“Not just GenAI” Leadership Series — Part II
This is part of a series of bite sized quick-reads that will equip leadership levels with the requisite information around GenAI and related areas, enabling you to question proposals and make more informed decisions around such investments.
These posts will take a balanced approach — talking about not just the strengths of these technologies, but also areas to watch out for. These topics would intentionally be presented in a simple discussion-like manner, rather than a dry/abstract third-party tone…Let’s dive in.
“How to find enterprise use cases that can leverage GenAI?”
The above question would be akin to asking,” What problems can I solve with a screwdriver?” rather than asking, “What are the prioritized list of problems that need to be solved, regardless of whether you use a screwdriver or a hammer or something else for the solution?”
Why look for use cases that leverage GenAI? Why not prioritize your business problems first, and then, if some of those problems can be solved by GenAI, so be it.
This is not just theoretical semantics. It’s a fundamentally incorrect way GenAI is being approached in an alarmingly large number organizations, that can lead to misplaced investments.
Yes, GenAI is powerful, but it is not a panacea. It’s just one part of a bouquet of Digital Business components that can work together to elevate your business, provided the time-tested business principles are adhered to.

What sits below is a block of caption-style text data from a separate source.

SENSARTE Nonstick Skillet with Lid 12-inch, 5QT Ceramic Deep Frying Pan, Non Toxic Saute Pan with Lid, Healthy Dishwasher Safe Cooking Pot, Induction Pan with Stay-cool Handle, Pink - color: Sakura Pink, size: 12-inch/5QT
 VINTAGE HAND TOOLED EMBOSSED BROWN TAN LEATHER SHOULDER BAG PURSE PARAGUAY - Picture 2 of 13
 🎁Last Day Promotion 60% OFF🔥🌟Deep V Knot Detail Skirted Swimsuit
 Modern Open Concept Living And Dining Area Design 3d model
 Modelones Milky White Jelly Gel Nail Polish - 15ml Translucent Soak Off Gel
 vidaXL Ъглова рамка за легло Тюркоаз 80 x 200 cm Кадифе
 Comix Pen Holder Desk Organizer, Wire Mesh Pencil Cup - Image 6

“If a business problem is already defined and prioritized, how does one check if GenAI is an appropriate solution for that?”
Now that’s a good question. You wouldn’t want to start with GenAI as the solution option. First of all, check if regular business rules can solve the problem. Such rules are deterministic. Meaning, you can predict their behaviour. You know what to expect, because you (and not the machine) defined those business rules.
So, if business rules can solve the problem at hand, look no further.
Having said that, there may be problems where such deterministic rules may not work. This could be because you do not know what rules will work. Or, it could be because the underlying business and data conditions change so rapidly that the rules defined today could get obsolete very quickly.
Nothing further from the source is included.